First, the air is thinner which makes it easy to travel further like it does at higher altitudes. Second, it’s easier to make a full turn with your body as your muscles are much more flexible than in cold conditions. This is why a lot of seniors choose to retire in warmer weather climates to retire – it’s easier on the body (and leads to more golf year round).
Here is a good example from the same Golf.com article mentioned above. “So, if your driver carries about 250 yards in 70-degree conditions, according to Rice’s research, the same shot will travel about 254 yards in 90-degree conditions, and 246 yards in 50-degree conditions.”
The golf ball flies further at higher altitude and higher temperature locations.
FAQs About Golf Ball Distance With Elevation
Do you have more questions about how elevation affects your golf shots? If so, keep reading through the most frequently asked questions and answers below.
How much does elevation change golf distance?
About 2.5 yards per 1,000 feet of altitude with a driver.
How do you calculate yardage with elevation in golf?
According to Titleist engineers the best way to calculate the yardage is multiplying the elevation by .00116. Or, simply add 2.5 yards for every 1,000 feet of elevation change (with your driver)… as altitude doesn’t impact shorter shots as much.
Is 5,000 feet high altitude? Is 9,000 feet high altitude?
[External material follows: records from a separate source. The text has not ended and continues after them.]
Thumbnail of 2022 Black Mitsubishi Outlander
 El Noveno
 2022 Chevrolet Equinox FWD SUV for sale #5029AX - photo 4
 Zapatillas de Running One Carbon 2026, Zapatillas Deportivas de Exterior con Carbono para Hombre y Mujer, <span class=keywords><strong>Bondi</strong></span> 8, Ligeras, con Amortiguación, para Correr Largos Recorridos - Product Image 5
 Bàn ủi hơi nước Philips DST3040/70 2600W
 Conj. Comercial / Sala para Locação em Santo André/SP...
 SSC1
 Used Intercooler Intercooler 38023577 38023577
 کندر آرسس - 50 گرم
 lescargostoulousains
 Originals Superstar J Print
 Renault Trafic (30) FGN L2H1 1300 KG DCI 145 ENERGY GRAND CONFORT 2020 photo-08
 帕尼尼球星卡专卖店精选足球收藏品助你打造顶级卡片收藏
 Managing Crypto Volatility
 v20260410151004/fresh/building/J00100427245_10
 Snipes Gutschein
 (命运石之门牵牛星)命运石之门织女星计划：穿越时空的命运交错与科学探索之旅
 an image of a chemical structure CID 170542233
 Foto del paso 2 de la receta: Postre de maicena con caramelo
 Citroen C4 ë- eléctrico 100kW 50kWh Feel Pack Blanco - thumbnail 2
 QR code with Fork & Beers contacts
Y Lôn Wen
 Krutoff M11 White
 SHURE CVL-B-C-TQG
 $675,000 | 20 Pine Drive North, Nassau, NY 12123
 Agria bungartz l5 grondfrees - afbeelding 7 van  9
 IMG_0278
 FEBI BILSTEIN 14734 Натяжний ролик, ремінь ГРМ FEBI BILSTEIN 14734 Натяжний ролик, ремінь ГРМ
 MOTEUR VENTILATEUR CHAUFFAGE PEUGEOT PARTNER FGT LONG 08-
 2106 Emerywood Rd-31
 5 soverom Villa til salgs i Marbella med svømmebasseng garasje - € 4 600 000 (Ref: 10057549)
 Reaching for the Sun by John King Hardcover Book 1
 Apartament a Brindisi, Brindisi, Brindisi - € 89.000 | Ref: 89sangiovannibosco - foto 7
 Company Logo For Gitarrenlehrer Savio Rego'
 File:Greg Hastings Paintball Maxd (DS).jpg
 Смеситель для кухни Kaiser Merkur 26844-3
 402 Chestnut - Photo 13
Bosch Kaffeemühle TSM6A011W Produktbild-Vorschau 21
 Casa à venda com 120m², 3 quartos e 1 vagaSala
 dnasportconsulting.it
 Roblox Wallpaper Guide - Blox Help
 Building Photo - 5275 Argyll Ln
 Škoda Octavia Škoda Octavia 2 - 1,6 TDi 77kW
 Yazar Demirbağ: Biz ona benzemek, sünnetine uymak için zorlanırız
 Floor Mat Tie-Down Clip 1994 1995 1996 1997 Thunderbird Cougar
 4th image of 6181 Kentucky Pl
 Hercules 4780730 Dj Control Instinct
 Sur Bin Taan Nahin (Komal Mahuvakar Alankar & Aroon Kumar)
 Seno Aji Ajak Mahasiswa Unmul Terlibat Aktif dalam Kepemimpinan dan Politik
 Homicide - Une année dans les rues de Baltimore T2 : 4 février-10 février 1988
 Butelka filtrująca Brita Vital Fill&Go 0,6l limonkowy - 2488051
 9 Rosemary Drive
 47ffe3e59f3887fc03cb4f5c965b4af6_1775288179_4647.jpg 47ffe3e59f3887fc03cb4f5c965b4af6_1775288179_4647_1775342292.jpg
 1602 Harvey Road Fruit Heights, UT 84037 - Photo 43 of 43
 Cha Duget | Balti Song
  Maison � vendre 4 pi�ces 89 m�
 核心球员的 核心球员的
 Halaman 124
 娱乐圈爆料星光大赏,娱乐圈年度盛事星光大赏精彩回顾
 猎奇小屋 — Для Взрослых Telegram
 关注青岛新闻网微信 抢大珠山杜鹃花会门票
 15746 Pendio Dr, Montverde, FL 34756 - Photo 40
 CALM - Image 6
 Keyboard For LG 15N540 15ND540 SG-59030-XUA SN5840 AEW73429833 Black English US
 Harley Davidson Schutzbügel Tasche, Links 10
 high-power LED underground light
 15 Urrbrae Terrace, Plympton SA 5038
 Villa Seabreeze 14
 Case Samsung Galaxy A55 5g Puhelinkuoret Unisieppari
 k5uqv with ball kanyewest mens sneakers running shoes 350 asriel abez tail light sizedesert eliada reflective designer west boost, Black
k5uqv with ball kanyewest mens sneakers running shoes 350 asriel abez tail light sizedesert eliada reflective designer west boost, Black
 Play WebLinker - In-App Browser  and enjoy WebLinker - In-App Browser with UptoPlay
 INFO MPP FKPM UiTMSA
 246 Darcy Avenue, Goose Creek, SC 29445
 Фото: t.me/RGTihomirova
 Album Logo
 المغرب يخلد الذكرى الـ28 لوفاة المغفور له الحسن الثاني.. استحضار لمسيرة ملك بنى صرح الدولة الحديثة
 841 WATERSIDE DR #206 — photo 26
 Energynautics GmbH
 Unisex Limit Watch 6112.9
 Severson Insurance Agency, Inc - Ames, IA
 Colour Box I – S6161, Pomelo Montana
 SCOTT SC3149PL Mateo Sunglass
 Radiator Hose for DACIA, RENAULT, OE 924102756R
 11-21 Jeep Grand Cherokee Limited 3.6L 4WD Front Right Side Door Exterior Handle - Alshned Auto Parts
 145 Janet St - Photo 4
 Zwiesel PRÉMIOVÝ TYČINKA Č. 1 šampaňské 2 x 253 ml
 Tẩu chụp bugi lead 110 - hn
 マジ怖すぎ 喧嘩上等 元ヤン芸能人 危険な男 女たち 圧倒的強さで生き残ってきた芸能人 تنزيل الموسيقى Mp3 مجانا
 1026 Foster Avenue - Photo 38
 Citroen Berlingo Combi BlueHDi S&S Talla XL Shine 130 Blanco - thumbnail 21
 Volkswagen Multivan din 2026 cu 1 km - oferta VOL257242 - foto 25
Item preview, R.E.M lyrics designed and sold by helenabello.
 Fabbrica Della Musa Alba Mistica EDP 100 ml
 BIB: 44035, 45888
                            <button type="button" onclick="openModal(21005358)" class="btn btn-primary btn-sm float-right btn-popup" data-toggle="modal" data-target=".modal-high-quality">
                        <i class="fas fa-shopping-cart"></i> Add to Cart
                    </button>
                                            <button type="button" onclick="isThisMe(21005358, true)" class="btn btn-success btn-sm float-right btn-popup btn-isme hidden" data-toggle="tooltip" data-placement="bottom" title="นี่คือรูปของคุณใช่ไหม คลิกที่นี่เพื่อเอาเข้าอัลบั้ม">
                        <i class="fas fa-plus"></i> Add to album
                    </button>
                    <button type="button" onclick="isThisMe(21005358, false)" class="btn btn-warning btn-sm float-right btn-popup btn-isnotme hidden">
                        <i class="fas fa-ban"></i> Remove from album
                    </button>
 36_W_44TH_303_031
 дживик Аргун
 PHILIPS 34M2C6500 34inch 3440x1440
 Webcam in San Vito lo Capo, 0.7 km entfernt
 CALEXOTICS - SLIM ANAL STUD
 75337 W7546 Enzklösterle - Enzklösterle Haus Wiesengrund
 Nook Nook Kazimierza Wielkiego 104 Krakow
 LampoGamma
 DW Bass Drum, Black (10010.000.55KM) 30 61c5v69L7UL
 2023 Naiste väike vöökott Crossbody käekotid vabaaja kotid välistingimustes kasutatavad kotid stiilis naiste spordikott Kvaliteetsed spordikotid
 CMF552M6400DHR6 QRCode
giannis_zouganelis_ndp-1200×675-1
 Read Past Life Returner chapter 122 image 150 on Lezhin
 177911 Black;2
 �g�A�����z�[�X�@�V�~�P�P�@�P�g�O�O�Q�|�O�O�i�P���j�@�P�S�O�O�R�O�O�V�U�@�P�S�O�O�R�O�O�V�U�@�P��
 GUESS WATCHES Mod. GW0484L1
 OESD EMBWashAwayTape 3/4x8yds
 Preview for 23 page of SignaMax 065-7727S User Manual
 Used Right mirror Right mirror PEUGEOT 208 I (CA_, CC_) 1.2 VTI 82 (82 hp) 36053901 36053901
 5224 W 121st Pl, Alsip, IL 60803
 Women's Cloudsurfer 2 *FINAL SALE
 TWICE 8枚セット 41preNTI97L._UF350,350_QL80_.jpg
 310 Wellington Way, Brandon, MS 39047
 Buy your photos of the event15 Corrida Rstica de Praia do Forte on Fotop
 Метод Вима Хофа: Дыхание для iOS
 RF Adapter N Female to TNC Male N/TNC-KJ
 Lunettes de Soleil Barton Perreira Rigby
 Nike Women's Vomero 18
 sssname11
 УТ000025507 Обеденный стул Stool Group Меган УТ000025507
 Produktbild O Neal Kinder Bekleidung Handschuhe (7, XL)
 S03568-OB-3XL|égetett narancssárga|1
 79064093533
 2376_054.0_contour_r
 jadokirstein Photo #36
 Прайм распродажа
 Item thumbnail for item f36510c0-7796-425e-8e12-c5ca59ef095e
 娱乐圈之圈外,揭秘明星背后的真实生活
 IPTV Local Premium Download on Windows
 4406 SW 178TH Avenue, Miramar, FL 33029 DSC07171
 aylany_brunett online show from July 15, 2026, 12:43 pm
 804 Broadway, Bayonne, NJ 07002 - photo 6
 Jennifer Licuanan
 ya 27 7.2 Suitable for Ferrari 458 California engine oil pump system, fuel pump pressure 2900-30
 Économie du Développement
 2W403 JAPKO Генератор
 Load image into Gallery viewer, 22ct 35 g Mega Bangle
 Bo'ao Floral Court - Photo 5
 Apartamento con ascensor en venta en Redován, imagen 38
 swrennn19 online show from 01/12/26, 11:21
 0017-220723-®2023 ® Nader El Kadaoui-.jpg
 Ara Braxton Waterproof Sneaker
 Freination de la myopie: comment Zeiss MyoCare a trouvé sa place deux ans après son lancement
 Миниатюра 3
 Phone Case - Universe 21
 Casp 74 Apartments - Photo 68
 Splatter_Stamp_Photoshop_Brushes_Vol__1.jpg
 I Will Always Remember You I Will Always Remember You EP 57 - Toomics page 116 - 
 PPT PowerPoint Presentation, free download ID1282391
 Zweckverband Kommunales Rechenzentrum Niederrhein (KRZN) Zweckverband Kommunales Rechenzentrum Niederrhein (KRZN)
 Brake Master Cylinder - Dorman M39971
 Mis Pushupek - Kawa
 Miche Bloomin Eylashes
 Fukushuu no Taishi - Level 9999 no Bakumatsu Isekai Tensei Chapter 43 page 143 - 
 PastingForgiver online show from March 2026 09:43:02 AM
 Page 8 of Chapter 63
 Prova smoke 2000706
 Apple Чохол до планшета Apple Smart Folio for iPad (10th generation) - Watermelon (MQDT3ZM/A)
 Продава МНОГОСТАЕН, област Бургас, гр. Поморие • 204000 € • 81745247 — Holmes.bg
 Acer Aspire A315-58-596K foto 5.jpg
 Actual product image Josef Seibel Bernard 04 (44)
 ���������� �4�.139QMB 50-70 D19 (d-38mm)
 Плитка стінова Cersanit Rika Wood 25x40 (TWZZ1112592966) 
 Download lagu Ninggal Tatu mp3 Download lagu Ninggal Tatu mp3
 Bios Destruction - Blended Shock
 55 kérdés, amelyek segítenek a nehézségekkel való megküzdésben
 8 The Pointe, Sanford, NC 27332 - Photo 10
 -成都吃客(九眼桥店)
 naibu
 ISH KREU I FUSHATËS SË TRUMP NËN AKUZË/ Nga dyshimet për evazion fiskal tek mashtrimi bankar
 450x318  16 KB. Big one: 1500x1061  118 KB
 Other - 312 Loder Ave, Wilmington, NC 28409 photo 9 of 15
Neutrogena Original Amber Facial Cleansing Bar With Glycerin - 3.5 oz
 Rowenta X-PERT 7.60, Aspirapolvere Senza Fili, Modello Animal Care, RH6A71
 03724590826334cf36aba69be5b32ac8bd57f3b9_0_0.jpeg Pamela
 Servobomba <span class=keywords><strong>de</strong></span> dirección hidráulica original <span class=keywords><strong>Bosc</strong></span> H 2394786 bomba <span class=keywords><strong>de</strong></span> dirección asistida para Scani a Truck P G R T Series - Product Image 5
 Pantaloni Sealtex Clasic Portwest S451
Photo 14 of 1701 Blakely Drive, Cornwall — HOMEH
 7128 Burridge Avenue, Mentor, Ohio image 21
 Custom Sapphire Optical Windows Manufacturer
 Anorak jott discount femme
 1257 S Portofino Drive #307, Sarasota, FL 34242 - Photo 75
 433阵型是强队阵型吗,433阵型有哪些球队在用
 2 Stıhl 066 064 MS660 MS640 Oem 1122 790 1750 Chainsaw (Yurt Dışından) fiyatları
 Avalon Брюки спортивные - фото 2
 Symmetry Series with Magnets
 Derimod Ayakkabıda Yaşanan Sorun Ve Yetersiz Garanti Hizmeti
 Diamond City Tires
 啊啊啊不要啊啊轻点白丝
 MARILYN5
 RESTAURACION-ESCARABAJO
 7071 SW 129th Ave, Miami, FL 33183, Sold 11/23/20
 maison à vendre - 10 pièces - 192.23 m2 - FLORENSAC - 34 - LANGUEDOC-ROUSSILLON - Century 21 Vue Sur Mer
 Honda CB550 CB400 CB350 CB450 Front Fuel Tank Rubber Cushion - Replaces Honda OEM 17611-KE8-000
The definition of high altitude varies and there isn’t a set definition. Locations between 5,000 to 8,000 are typically considered mid to high altitude. While anything north of 9,000 is considered high elevation.
How much yardage do you take off for a downhill golf shot?
It depends on the severity of the slope. Sometimes it might be a yard or two downhill and not make a big difference. Other times you might have a shot (like some par 3s) with a few hundred feet elevation change.
I always think these shots are harder than uphill shots as it’s more challenging to guess the distance. Not to mention it’s hard to swing with full effort when the target is downhill. If possible, use a rangefinder with slope and always find the best place to miss to avoid hazards.
Lastly, make sure you stick to your pre-shot routine to swing with confidence.
Do elevated greens play longer?
Yes, depending on the severity of the slope, an uphill green plays longer. It’s a good idea to buy a rangefinder with slope as they’ll better help you understand the total distance.
What is the highest golf course elevation in the world?
For years this title has gone to the Yak Golf Course in India which has an elevation of more than 13,000 feet. The golf course, which is located on an Indian Army base, is about 6,000 yards which is pretty short from the tips – especially at elevation.
But Golf Digest recently found Mustang Golf Course at an astonishing 15,239 feet. While technically considered a golf course, if you check out the pictures/videos you’ll see it’s more lush vegetation than a well-kept golf course.
Playing golf at elevation is a ton of fun and leads to some long drives, but takes some getting used too. It’s not always easy to trust your clubs going a club or two further than normal. Since the air is so thin, the ball travels longer than ever.
Changing from high elevation to lower elevation is much more challenging though. For example, if you live at elevation and have to travel to a course at sea level, golf will feel much more difficult. The golf ball won’t travel nearly as far which can lead to ending up short of the green and having a more difficult time to score well.
Final Thoughts on Altitude in Golf
Playing golf at altitude will impact your game overnight.
Since the air is thinner, the ball goes longer and also straighter… every golfer’s dream. Altitude impacts longer shots much more than shorter ones so make sure to plan accordingly with a solid tee box strategy.
For shorter shots and greenside shots, altitude won’t play as big of a factor. Since the ball isn’t in the air as long it won’t impact the flight… but it could have a lower trajectory.
Needless to say, there is a lot to think about when it comes to playing golf at different altitudes. Always check the elevation and update your distance chart to pick the right club for any shot. Plus, don’t forget to factor in wind, temperature, and other factors as well.